Created attachment 422655 [details] packet capture of failed "wget http://lwn.net"
Created attachment 422657 [details] failed and successful wgets for novell.com
I assume 'wget -4' just tells getaddrinfo to use AF_INET and not both, so glibc returns only the IPv4 address. Or something like that? In any case, I can't see the nameserver returning any valid IPv6 results for anything in these packet captures, but it does return IPv4 results. /etc/resolv.conf is: # Generated by NetworkManager nameserver 192.168.1.254 and my glibc version is: glibc-2.12-2.x86_64
Created attachment 422659 [details] failed and successful wgets for novell.com (with only dns packets)

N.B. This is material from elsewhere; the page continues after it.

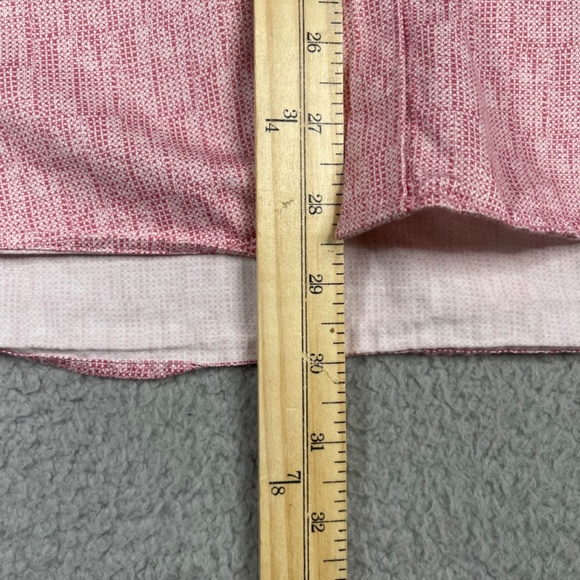 Ted Baker London Mens Button Down Shirt Size 5 43 Chest Pink Geometric - Picture 10 of 16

Created attachment 422662 [details] successful DNS request from RH's DNS servers using openvpn on the same machine
It's pretty clear that the AP kinda sucks, but I thought that if IPv6 wasn't enabled on any interfaces, that glibc wouldn't try requesting AAAA records or something like that? That's sub-optimal though since by default most people will have at least an IPv6 LL address, so maybe it would make more sense to not request AAAA records unless at least one interface has a non-LL address.
Setting the hostname to 'localhost' to suppress glibc's queries for lwn.net.localdomain doesn't work either. Seems like the problem is that the DNS server doesn't actually return any answers for the AAAA query though it says "success"?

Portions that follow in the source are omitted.